■ Given records ■
* * * * * * * * *

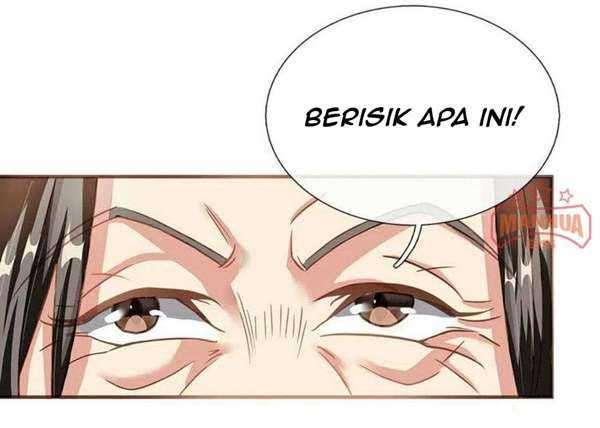 Marvelous Hero of The Sword Chapter 62 halaman 11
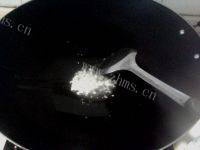 香飘的蒜香西兰花做法图解5)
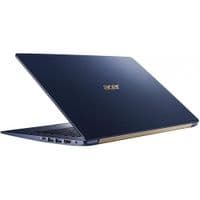 Ноутбук Acer Swift 5 SF514-53T (NX.H7HEU.014) Blue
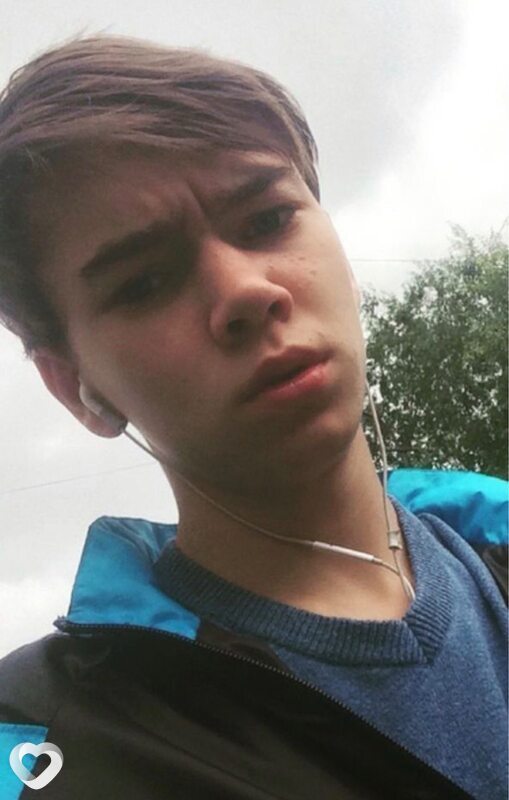 Никита, 20, Йошкар-Оле — анкета №1081238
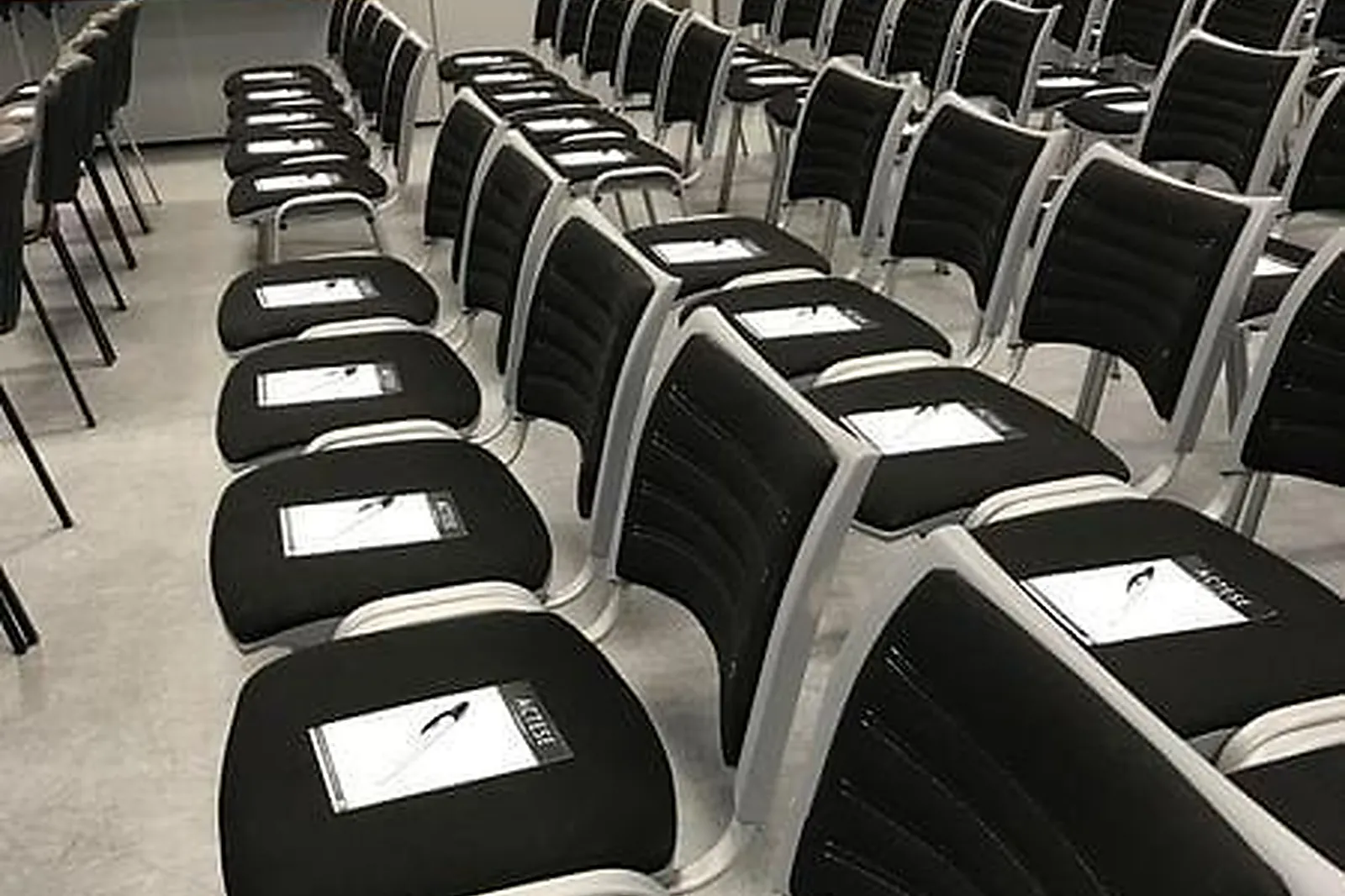 Lieux événementiels, ACTESE - DÉCATHLON VILLAGE BOUC BEL AIR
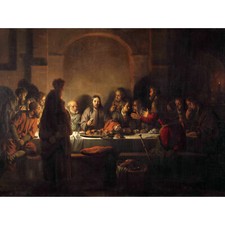 Van Den Eeckhout The Last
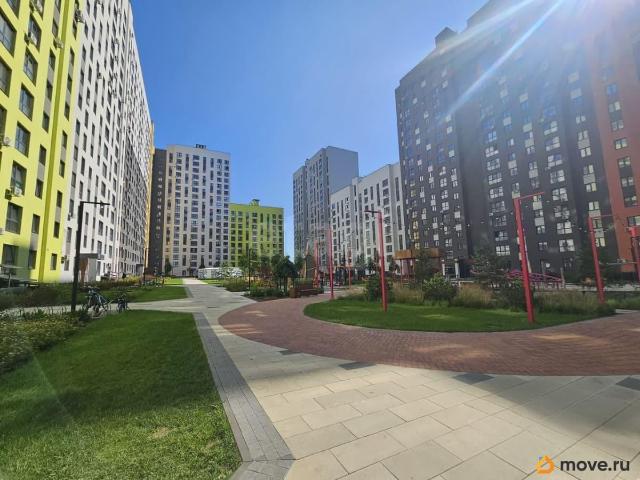 Квартира продажа в Сеймский округ, Курская область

* * * * * * * * *

■ Work task ■
Could you retype all the entries exactly, skipping the pictures?

■ Task answer ■
 Marvelous Hero of The Sword Chapter 62 halaman 11
 香飘的蒜香西兰花做法图解5)
 Ноутбук Acer Swift 5 SF514-53T (NX.H7HEU.014) Blue
 Никита, 20, Йошкар-Оле — анкета №1081238
 Lieux événementiels, ACTESE - DÉCATHLON VILLAGE BOUC BEL AIR
 Van Den Eeckhout The Last
 Квартира продажа в Сеймский округ, Курская область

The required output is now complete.